Writing rpneact I realized that there are some straightforward ways to extend such a system toward Bicicleta and the principled variant of APL I was thinking about, as well as to do performance work.
One is that inheritance is relatively straightforward:
class Var(namedtuple('Var', ('name',)), Expr):
def eval(self, vars):
return vars[self.name].eval(vars)
If the second vars were a different object, we’d have the equivalent
of invoking an inherited method — any vars referred to by the formula
would come from the different object. (And this is exactly how
inheritance works in Bicicleta and in the ς-calculus it’s based on.)
And of course in Python such inheritance is straightforward to
implement in the vars object by having its __getattr__ delegate to
one or more different mappings.
There’s code in rpneact for the solver that evaluates a loss formula at various points along a design variable; it works as follows:
var = design_var.name
original = vars[var]
...
try:
...
vars[var] = Const(b)
b_obj = objective.eval(vars)
...
finally:
vars[var] = original
This could be done in a purely functional way instead by the inheritance mechanism described above.
Let’s call these “vars” namespace objects that might inherit from one another “worlds”.
For caching property values in such a system, you’d like to carry over the cached value of a property to any child worlds that hadn’t overridden any other property used during its computation. Moreover, if that value didn’t get cached in the parent but did get computed in the child entirely from properties unchanged from the parent, you’d like to propagate those values back to the parent, so that other children can use them.
I’m not sure what’s an actually scalable way to implement this, but an approach that’s reasonable up to a certain extent, with single inheritance, is to maintain a bitmask of overridden fields in each world. Each field is assigned an index, starting from the number of fields in the base class. Each cached result is stored at that index in a cached result vector associated with each world; each field definition is stored at that index in a definition vector; and in the bitmask of overridden fields for an world, the bit is set if the world has its own private definition of a field, rather than using the parent world’s. And each cached result is associated with a bitmask of all the fields consulted during its computation.
(For the moment I’m going to ignore dependencies on things outside of the world itself, which were common in Bicicleta but sort of impossible in the principled-APL approach.)
These bitmasks can be 64 bits for worlds with 64 fields or less, so we can operate bitwise on them in a single instruction on a 64-bit CPU, or 128 bits for worlds with 128 fields or less. In the limit of a large number of fields, of course, such explicit sets will tend to incur a large space and time cost.

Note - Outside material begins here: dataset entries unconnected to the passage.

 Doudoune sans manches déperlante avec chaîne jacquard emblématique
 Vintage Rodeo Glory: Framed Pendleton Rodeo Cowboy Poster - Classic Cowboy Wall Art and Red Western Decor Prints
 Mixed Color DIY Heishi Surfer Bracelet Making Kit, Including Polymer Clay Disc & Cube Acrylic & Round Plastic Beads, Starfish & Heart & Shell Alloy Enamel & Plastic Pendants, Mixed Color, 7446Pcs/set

To know whether the parent world’s value of a variable can be safely reused, we can AND the current world’s overridden-field bitmask with the dependency bitmask for the parent world’s variable; if the intersection is null, we can just reuse the parent’s value (and perhaps also cache it locally). Similarly, if we compute a field value locally, we also compute its dependency bitmask, so we can check in the same way to see whether it involved any locally overridden values (although you could imagine that maybe it would be more efficient to just set a flag during the computation, you have to compute the dependency bitmask anyway) and then do the same check. This lets you see how far up the inheritance hierarchy you can push the cached value.

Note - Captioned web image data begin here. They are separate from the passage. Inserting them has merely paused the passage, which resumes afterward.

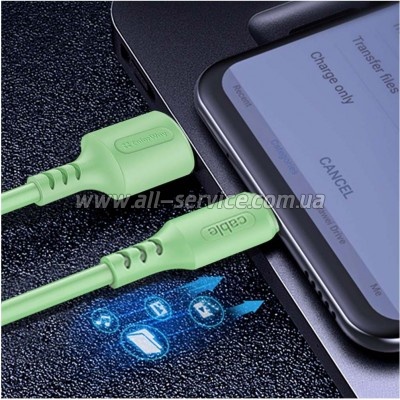 ���� ������ USB 2.0 AM to USB-C 1.0m soft silicone green ColorWay (CW-CBUC042-GR)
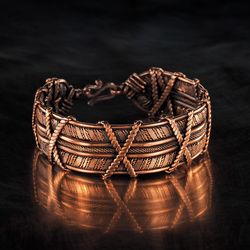 Copper wire wrapped bracelet Unique woven wire jewelry Wire Wrap Art copper jewelry 7th or 22nd Anniversary gift idea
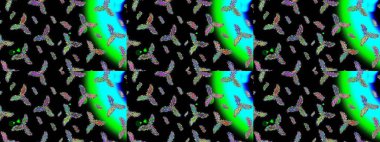 Raster illüstrasyonu. Güzel kar tanesi. Renkli arka planda izole tatlı kar taneleri. Soyut kış siyah, yeşil ve mavi süslemeleri. Yuvarlak raster kar tanesi.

When a cached field is consulted during the computation of a field value, we must OR its dependency bitmask into the dependency bitmask of the computation, as well as set its bit.

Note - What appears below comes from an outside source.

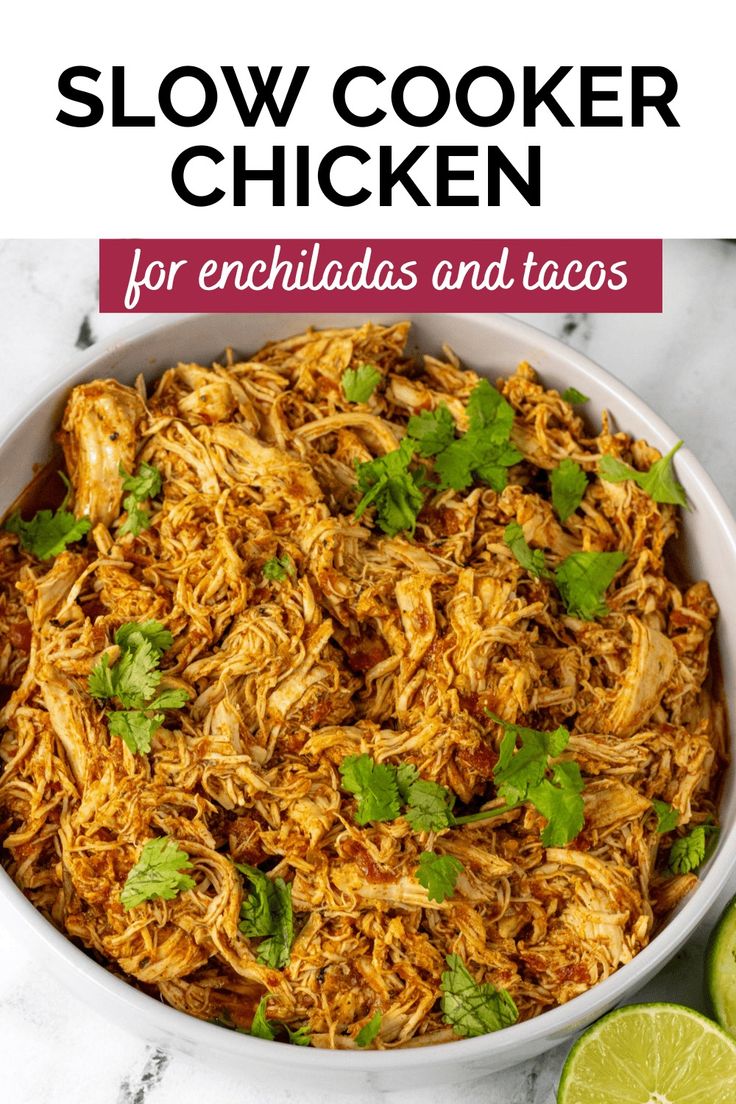 slow cooker chicken for enchiladas and tacos in a white bowl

In a system compiled without runtime reflection, all of this bitmap consultation can happen at compile time; only the consultation to see if a field is already computed, and if so where, and what its value is, must be deferred to runtime. This in some sense involves compiling a separate version of each world for each callsite, depending on the particular overrides provided at that callsite, but in many cases these worlds will use precisely the same code and can thus be merged, as with C++ templates. (And runtime reflection can be supported in such a system by invoking the compiler at runtime.)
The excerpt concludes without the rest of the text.